She’s working closely with doctors, and it’s a process I understand very well from going through it on my own.

But the change in household energy and dynamic is hard.

I’m used to directing every little thing.

Or at least waiting until the last minute for it to be done.

I’ve always had this quiet anxiety in the back of my head about things that were her responsibility,

but that I could see her putting off till the last minute.

Sometimes they didn’t get done at all.

We spent this first 3 years of our relationship making sure that we didn’t overstep boundaries.

Those boundaries were drawn with red sharpie, keeping my problems and responsibilities separate from hers.

I didn’t realize how much I was emotionally dancing on her side,

while not saying anything.

Now, all of the things are being done.

Household tasks are handled without my input,

or at the very least, without any hesitation.

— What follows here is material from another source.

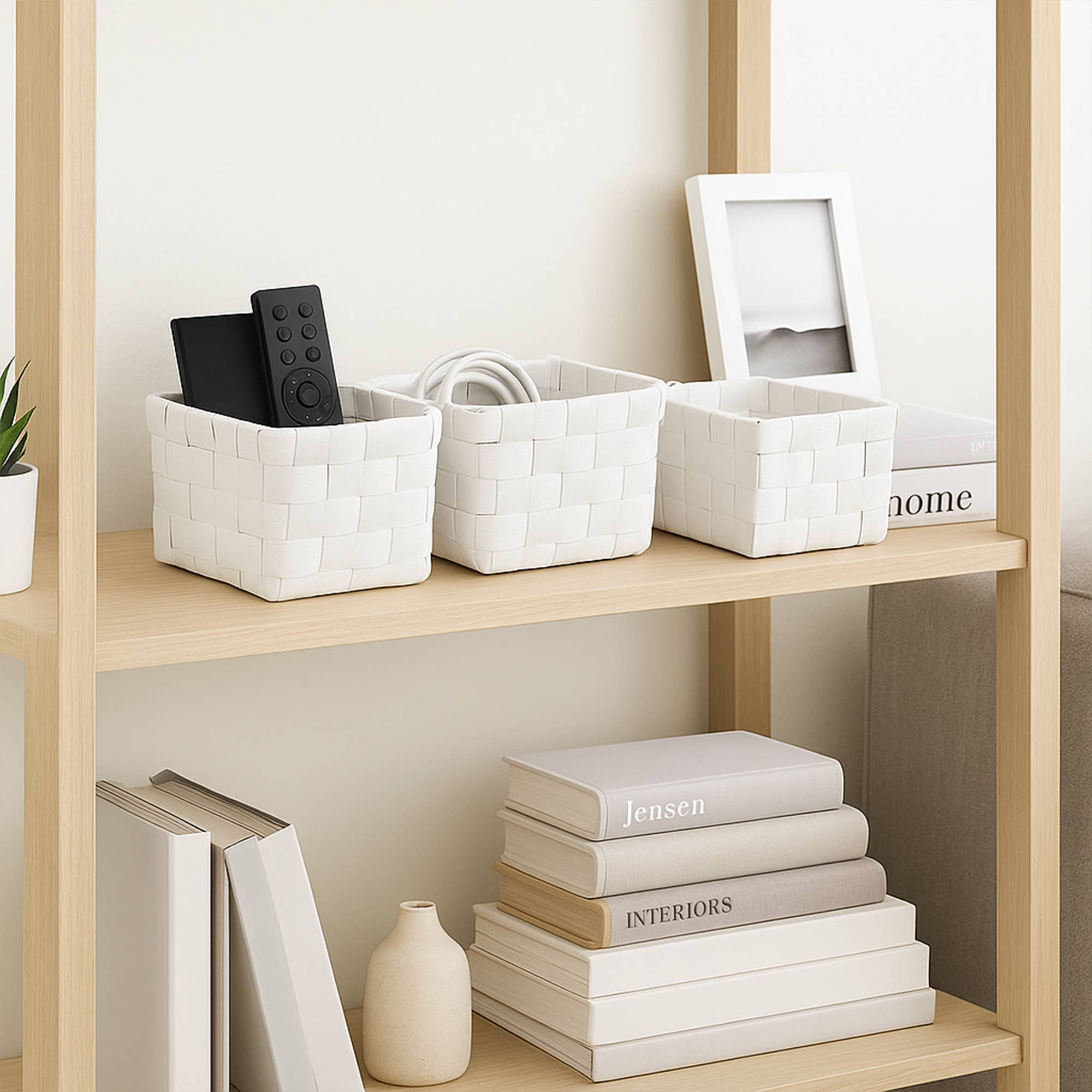 Evideco French Home Goods - Wholesale Basket - White Checkered Woven Baskets Set of 34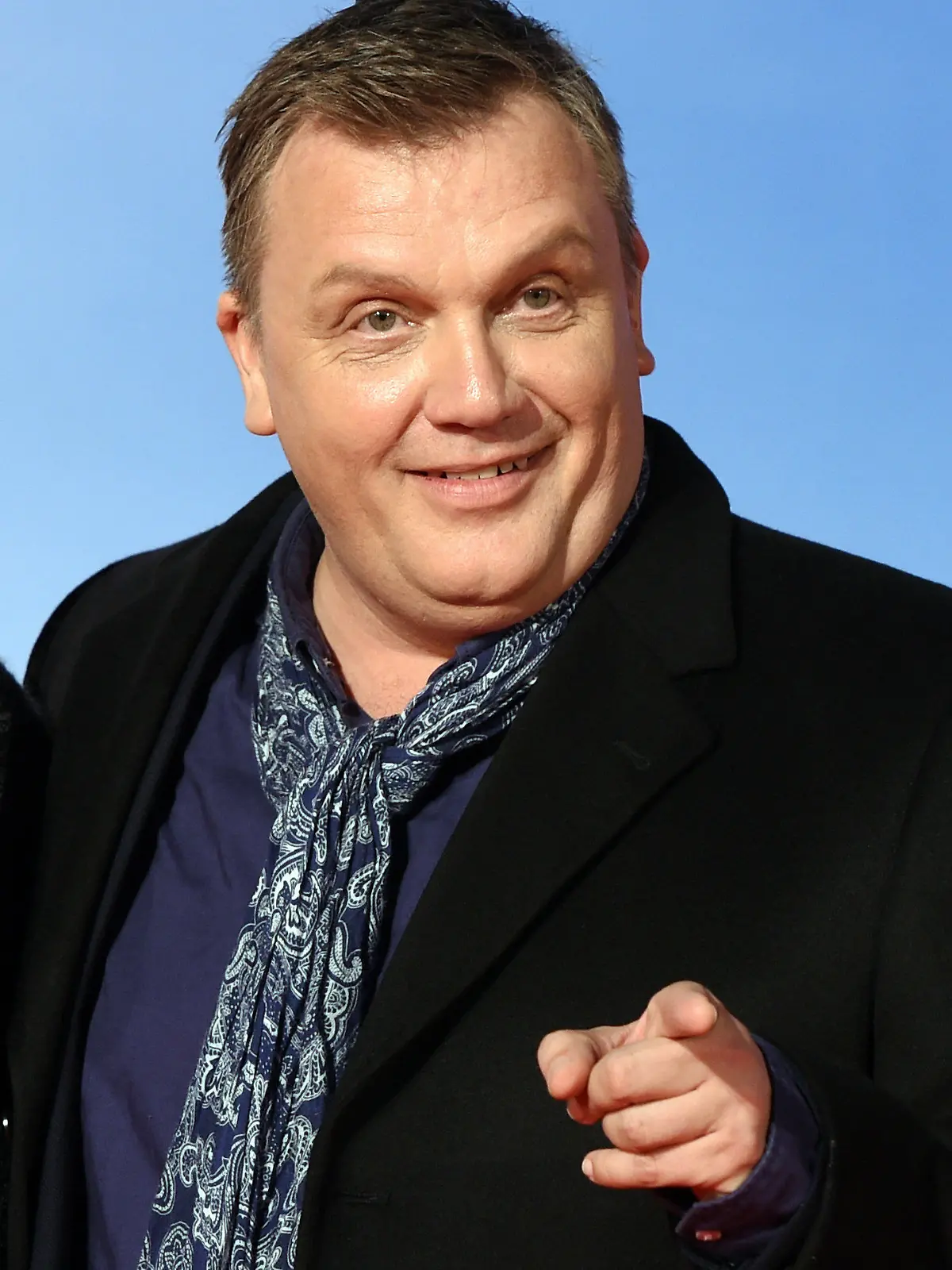 Der Comedian und Buchautor Hape Kerkeling kommt am 17.12.2015 in Berlin zur Weltpremiere des Films "Ich bin dann mal weg" in das Kino Cinestar. Der Film ist ab 24.12.2015 in den Kinos zu sehen. Foto: Jens Kalaene/dpa +++(c) dpa - Bildfunk+++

She’s working through her own paperwork and logistical stuff,

only asking for my input when it is needed.

And it’s strange for me.

In every relationship we have roles that we play,

and often those roles are comfortable, even if they are dysfunctional.

Our roles are changing.

Change is hard, even if it’s good.

We, as individuals,

and also as a couple,

are unfinished projects.

Over time things are going to change and become more clear.

There is no final picture.

We will keep adding to it,

going back and removing stitches that aren’t quite right,

incorporating new colors.

Each time there is anxiety as we wonder what the next version of the picture will look like.

We are not the same people we were during those first conversations on the internet.

That’s a really good thing.

But learning, and relearning each other is a process,

one that will hopefully be repeated many times over the years.

Change is hard and uncomfortable,

even when it’s positive.

Discomfort is part of growing.

It’s just a matter of learning to sit with it.